VERIFY: A Novel Multi-Domain Dataset Grounding LTL in Contextual Natural Language via Provable Intermediate Logic
Abstract
Bridging the gap between the formal precision of system specifications and the nuances of human language is critical for reliable engineering, robotics, and AI safety, but it remains a major bottleneck. Prior efforts in grounding formal logic remain fragmented, resulting in datasets that are very small-scale (~2-5k examples), domain-specific, or translate logic into overly technical forms rather than context-rich natural language (NL).
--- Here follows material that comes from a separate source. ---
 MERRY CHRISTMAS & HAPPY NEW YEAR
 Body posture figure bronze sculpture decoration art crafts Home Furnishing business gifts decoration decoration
Thus, failing to adequately bridge formal methods and practical NLP. To address this gap, we introduce VERIFY, the first large-scale dataset meticulously designed to unify these elements. This dataset contains more than 200k+ rigorously generated triplets, each comprising a Linear Temporal Logic (LTL) formula, a structured, human-readable 'Intermediate Technical Language' (ITL) representation designed as a bridge between logic and text, and a domain-specific NL description contextualized across 13 diverse domains. VERIFY's construction pipeline ensures high fidelity: LTL formulas are enumerated and verified via model checking, mapped to the novel ITL representation using a provably complete formal grammar, and then translated into context-aware NL via LLM-driven generation. We guarantee data quality through extensive validation protocols, i.e., manual expert verification of 10,000 diverse samples. Furthermore, automated semantic consistency checks judged by Llama 3.3 confirmed an estimated >97% semantic correctness. From the initial experiments, we demonstrate VERIFY's scalability, logical complexity, and contextual diversity, significantly challenging standard models such as T5 and Llama 3.